◆ **Exercise**
An exact copy is required of the lines from the one with "Kaisen-Six Eyes Studio" through the last line of the material below, and of nothing else.
------ Supplied material
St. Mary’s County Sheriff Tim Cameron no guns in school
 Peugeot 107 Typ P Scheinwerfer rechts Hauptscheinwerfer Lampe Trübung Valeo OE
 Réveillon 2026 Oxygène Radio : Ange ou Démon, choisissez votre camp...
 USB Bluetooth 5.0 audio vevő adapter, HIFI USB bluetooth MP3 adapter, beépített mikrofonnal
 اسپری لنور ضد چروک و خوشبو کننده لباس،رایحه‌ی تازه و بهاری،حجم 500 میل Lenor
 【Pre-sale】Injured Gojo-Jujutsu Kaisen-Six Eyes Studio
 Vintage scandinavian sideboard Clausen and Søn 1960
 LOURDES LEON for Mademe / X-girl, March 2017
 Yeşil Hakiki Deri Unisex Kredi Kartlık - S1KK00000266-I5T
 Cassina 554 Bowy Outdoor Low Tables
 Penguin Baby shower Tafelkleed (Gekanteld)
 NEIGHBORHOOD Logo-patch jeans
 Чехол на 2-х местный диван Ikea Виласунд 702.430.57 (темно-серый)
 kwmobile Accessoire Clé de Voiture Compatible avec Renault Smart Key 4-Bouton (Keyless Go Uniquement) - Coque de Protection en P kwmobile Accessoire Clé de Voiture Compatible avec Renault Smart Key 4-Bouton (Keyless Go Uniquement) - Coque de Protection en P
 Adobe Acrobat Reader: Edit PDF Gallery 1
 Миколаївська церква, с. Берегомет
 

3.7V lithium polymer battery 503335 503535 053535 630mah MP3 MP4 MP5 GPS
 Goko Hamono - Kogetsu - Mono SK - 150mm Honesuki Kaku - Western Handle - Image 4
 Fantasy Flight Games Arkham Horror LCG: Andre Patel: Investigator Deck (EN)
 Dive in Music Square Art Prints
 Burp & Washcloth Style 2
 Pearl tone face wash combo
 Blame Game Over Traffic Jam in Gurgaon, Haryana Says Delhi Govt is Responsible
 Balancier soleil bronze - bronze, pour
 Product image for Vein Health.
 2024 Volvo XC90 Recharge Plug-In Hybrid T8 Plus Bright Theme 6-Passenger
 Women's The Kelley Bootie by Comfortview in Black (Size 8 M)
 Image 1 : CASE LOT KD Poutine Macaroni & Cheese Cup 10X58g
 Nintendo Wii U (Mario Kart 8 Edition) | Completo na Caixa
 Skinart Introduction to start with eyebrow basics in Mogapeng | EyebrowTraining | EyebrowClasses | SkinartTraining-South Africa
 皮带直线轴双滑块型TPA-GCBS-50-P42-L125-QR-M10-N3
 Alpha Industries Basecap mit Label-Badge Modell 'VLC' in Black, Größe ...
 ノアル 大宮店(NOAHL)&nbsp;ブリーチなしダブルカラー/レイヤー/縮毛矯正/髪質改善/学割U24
------------
◆ **Finished task**
 【Pre-sale】Injured Gojo-Jujutsu Kaisen-Six Eyes Studio
 Vintage scandinavian sideboard Clausen and Søn 1960
 LOURDES LEON for Mademe / X-girl, March 2017
 Yeşil Hakiki Deri Unisex Kredi Kartlık - S1KK00000266-I5T
 Cassina 554 Bowy Outdoor Low Tables
 Penguin Baby shower Tafelkleed (Gekanteld)
 NEIGHBORHOOD Logo-patch jeans
 Чехол на 2-х местный диван Ikea Виласунд 702.430.57 (темно-серый)
 kwmobile Accessoire Clé de Voiture Compatible avec Renault Smart Key 4-Bouton (Keyless Go Uniquement) - Coque de Protection en P kwmobile Accessoire Clé de Voiture Compatible avec Renault Smart Key 4-Bouton (Keyless Go Uniquement) - Coque de Protection en P
 Adobe Acrobat Reader: Edit PDF Gallery 1
 Миколаївська церква, с. Берегомет
 

3.7V lithium polymer battery 503335 503535 053535 630mah MP3 MP4 MP5 GPS
 Goko Hamono - Kogetsu - Mono SK - 150mm Honesuki Kaku - Western Handle - Image 4
 Fantasy Flight Games Arkham Horror LCG: Andre Patel: Investigator Deck (EN)
 Dive in Music Square Art Prints
 Burp & Washcloth Style 2
 Pearl tone face wash combo
 Blame Game Over Traffic Jam in Gurgaon, Haryana Says Delhi Govt is Responsible
 Balancier soleil bronze - bronze, pour
 Product image for Vein Health.
 2024 Volvo XC90 Recharge Plug-In Hybrid T8 Plus Bright Theme 6-Passenger
 Women's The Kelley Bootie by Comfortview in Black (Size 8 M)
 Image 1 : CASE LOT KD Poutine Macaroni & Cheese Cup 10X58g
 Nintendo Wii U (Mario Kart 8 Edition) | Completo na Caixa
 Skinart Introduction to start with eyebrow basics in Mogapeng | EyebrowTraining | EyebrowClasses | SkinartTraining-South Africa
 皮带直线轴双滑块型TPA-GCBS-50-P42-L125-QR-M10-N3
 Alpha Industries Basecap mit Label-Badge Modell 'VLC' in Black, Größe ...
 ノアル 大宮店(NOAHL)&nbsp;ブリーチなしダブルカラー/レイヤー/縮毛矯正/髪質改善/学割U24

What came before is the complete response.